Tikray Transformations¶
About¶
A data model and implementation for a compact transformation engine based on JMESPath, jq, JSON Pointer (RFC 6901), rsonpath, transon, and DWIM.
The reference implementation is written in Python, using attrs and cattrs. The design, conventions, and definitions also encourage implementations in other programming languages.
Features¶
- Conciseness:
Define a multistep data refinement process with as little code as possible.
- Precision:
When filtering and manipulating deeply nested documents, you want to exactly address specific elements and substructures.
- Polyglot:
The toolbox includes different kinds of tools, to always have the right one at hand. The venerable jq language is always on your fingertips, while people accustomed to JMESPath expressions as employed by AWS CLI’s --query parameter can also use it. On top of that, transformation steps can also be written in Python.
- Flexibility:
The library can be used both within frameworks, applications, and ad hoc pipelines equally well. It does not depend on any infrastructure services, and can be used together with any other ETL or pipeline framework.
- Interoperability:
Transformation recipe definitions are represented by a concise data model, which can be marshalled to/from text-only representations like JSON or YAML, in order to a) encourage implementations in other programming languages, and b) be transferred, processed and stored by third party systems.
- Performance:
Depending on how many transformation rules are written in pure Python vs. more efficient processors like jqlang or other compiled transformation languages, it may be slower or faster. When applicable, hot spots of the library may gradually be rewritten in Rust if that topic becomes an issue.
- Immediate:
Other ETL frameworks and concepts often need to first land your data in the target system before applying subsequent transformations. Tikray is working directly within the data pipeline, before data is inserted into the target system.
- Human:
Tikray provides capabilities to imperatively filter and reshape data structures in an iterative authoring process, based on deterministic procedures building upon each other. When it comes to ad hoc or automated data conversion tasks, it puts you into the driver’s seat, and encourages sharing and reuse of transformation recipes.
Design¶
- Data Model:
The data model of Tikray is hierarchical: A Tikray project includes definitions for multiple Tikray collections, whose includes definitions for possibly multiple sets of transformation rules of different kinds, for example multiple items of type
BucketTransformationorMokshaTransformation.- Components and Rules:
Those transformation components offer different kinds of features, mostly by building upon well-known data transformation standards and processors like JSON Pointer,
jq, and friends.
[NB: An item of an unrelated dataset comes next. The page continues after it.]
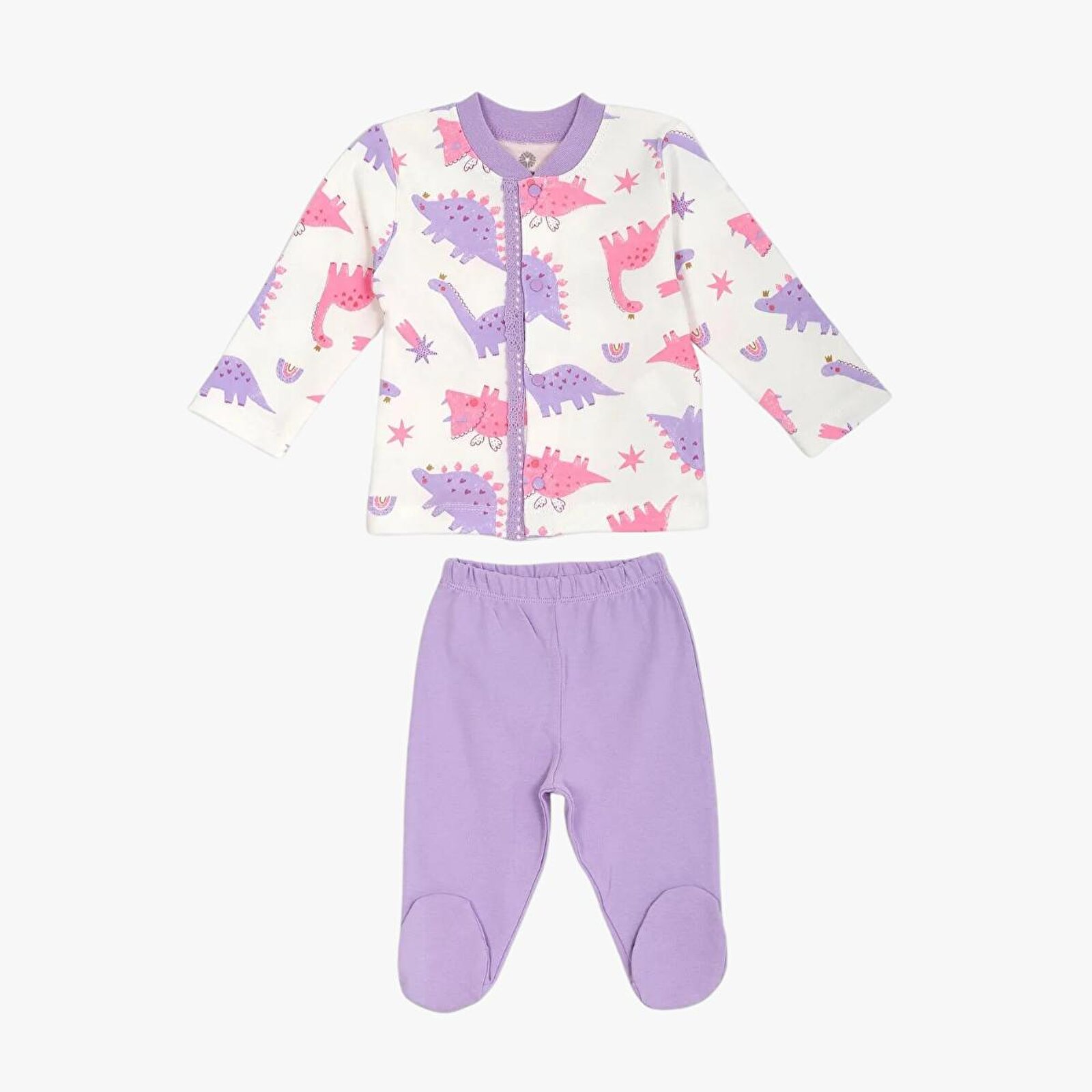 Kız Bebek Çıtçıtlı Üst-Patikli Alt Bisiklet Yaka Uzun Paça Uzun Kol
The components are configured using rules.- Phases and Process:
The transformation process includes multiple phases that are defined by labels like
pre,bucket,post,treatment, in that order. Each phase can include multiple rules of different kinds.
Usage¶
In order to learn how to use Tikray, please explore the introductory documentation resources, and the items in its “examples” directory, or its software tests, in order to get further inspirations that might not have been reflected on the documentation yet.
Usage
Synopsis¶
meta:
type: tikray-project
version: 1
collections:
- address:
container: testdrive-db
name: foobar-collection
schema:
rules:
- pointer: /some_date
type: DATETIME
- pointer: /another_date
type: DATETIME
bucket:
values:
rules:
- pointer: /some_date
transformer: to_unixtime
- pointer: /another_date
transformer: to_unixtime
meta:
version: 1
type: tikray-collection
pre:
rules:
- expression: records[?not_null(meta.location) && !starts_with(meta.location, 'N')]
type: jmes
bucket:
names:
rules:
- new: id
old: _id
values:
rules:
- pointer: /id
transformer: builtins.int
- pointer: /data/value
transformer: builtins.float
post:
rules:
- expression: .[] |= (.data.value /= 100)
type: jq
Tools¶
See Tools.
Prior Art¶
See Tikray research and development notes and an introduction and overview about Singer.
Etymology¶
Tikray means “transform” in the Quechua language.
A previous version used the name zyp,
with kudos to Kris Zyp for conceiving JSON Pointer.